Queen consort of Joseon (posthumously)
- Predecessor: Queen Consort Yi
- Successor: Queen Consort Bak
- Born: 1232 Wonsan, Gangwon Province, Goryeo
- Died: 20 September
- Burial: Sukneung tomb Muncheon-gun, Hamgyeongnam-do
- Spouse: Ikjo of Joseon ​(m. 1250)​
- Issue: Yi Song Yi Won Yi Go-tae Yi Ch'un Yi Jeon Princess Anui Yi Eung-sin Yi Eung-geo
- House: Yeongheung Choe (by birth) Jeonju Yi (by marriage)
- Father: Choe Gi-yeol

= Queen Jeongsuk =

Queen consort of Joseon (fl. 13th century)

Queen Jeongsuk of the Yeongheung Choe clan (1232–20 September ?) was the second wife of Yi Haengni and mother of Yi Chun, making her the great-grandmother of Yi Seonggye, the founder of the Joseon Dynasty. She was honoured as Jeong-Bi ("the virtuous queen") at first.

==Biography==
She was born in 1232 as the daughter of Choe Gi-Yeol, Prince Anbyeon from the Dongju Choe clan and his unnamed wife. She was the second wife of Yi Haengni because his first wife, Lady Son died too early.

On 28 July 1392, when her great-grandson, Yi Seong-Gye established a new dynasty, she was given the royal title Jeong-bi (literally: Queen Jeong or Consort Jeong) and her husband was given the title King Ik.

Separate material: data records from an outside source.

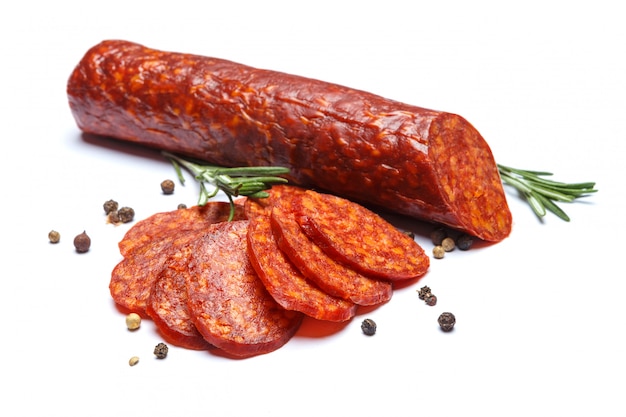 Salsiccia spagnola del chorizo su superficie bianca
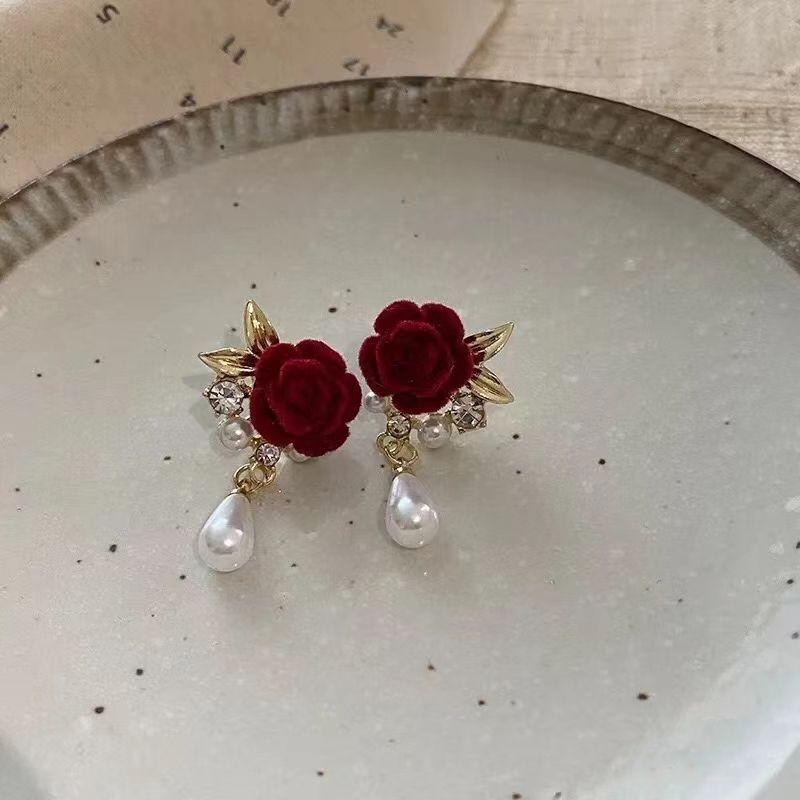 Product Introduction of Plush Red Earrings for Women During Chinese New Year, Autumn, Winter, New Year, Christmas Day, 2024 New Popular High-end Earrings 1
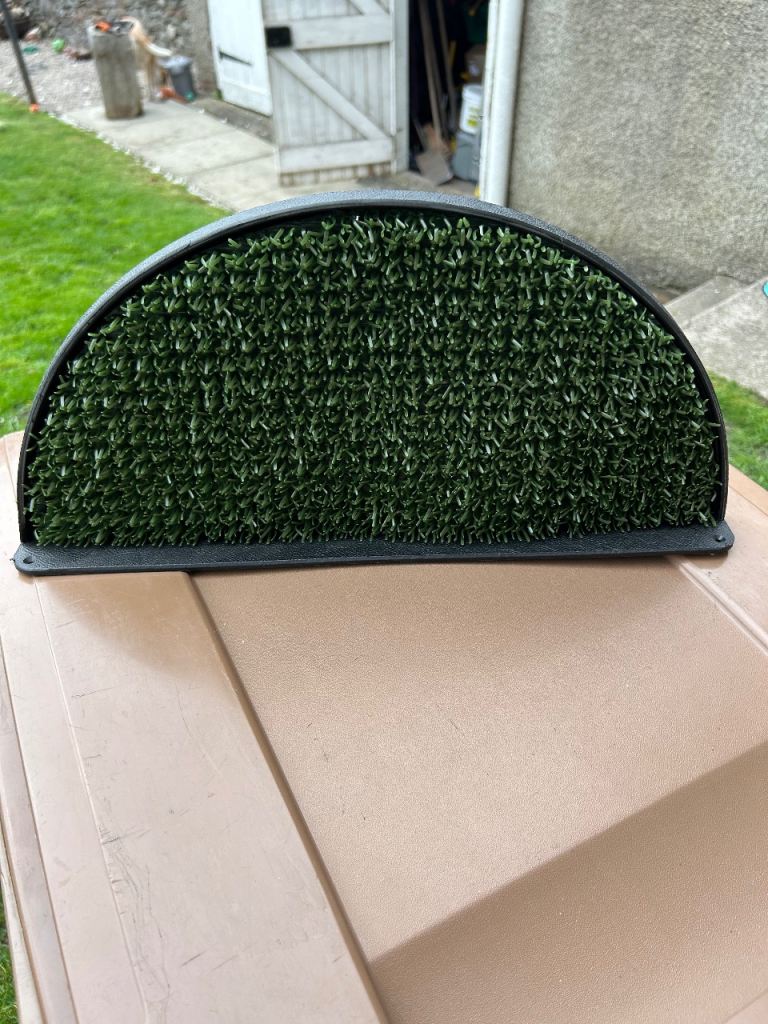 Brand new never used falcon shelf perch 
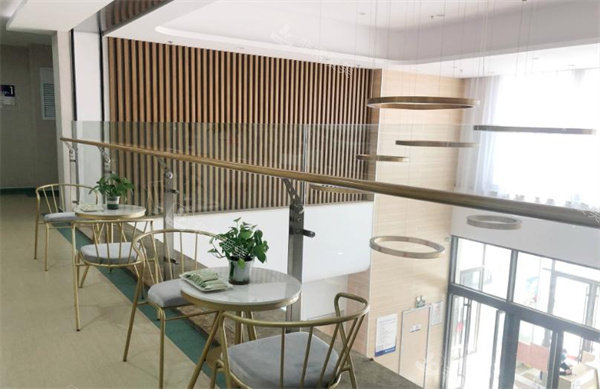 青岛建中植发休息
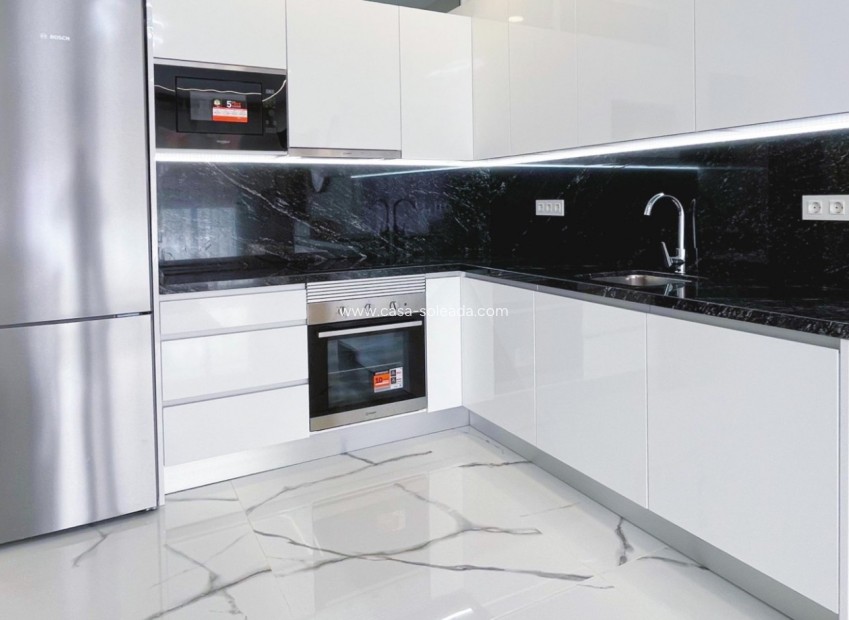 Resale - Apartment / flat - Torrevieja - Costa Blanca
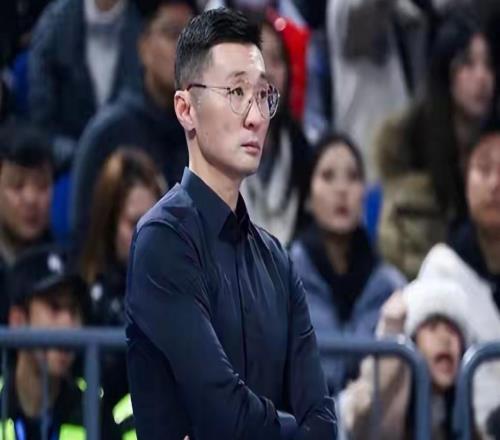 CBA最奇葩记录,9场比赛5大教练下课,杨鸣和另一人也面临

Later on 22 April 1411, her great-great-grandson, Taejong of Joseon, gave her a posthumous name, Queen Jeongsuk.

With Yi Haeng-ni, she had 7 sons and 1 daughter. However, she later died on 20 September in an unknown year. Her tomb was located in Sukneung, Muncheon-gun, Hamgyeongnam-do and her husband's tomb was located in Jireung, Anbyeon-gun, Hamgyeongnam-do.

== Family ==
- Father - Choe Gi-Yeol, Prince Anbyeon (최기열 안변군; 1205–?)
- Unnamed mother (1205–?)
- Spouse - Yi Haeng-ni, King Ikjo of Joseon (조선 익조; 1236–?)
  - Father-in-law - Yi Ahn-sa, King Mokjo of Joseon (조선 목조; 1204–1274)
  - Mother-in-law - Queen Hyogong of the Pyeonchang Yi clan (효공왕후 이씨; 1207–?)
- Issue
  - Son - Yi Song, Grand Prince Hamwon (이송 함원대군; 1256–?)
  - Son - Yi Won, Grand Prince Hamcheon (이원 함천대군; 1260–?)
  - Son - Yi Go-tae, Grand Prince Hamneung (이고태 함릉대군; 1263–?)
  - Son - Yi Chun, King Dojo of Joseon (조선 도조; 1265–1342)
  - Son - Yi Jeon, Grand Prince Hamyang (이전 함양대군; 1267–?)
  - Daughter - Princess Anui (안의공주; 1269–?)
  - Son - Yi Eung-sin (이응신; 1270–?)
  - Son - Yi Eung-geo, Grand Prince Hamseong (이응거 함성대군; 1274–?)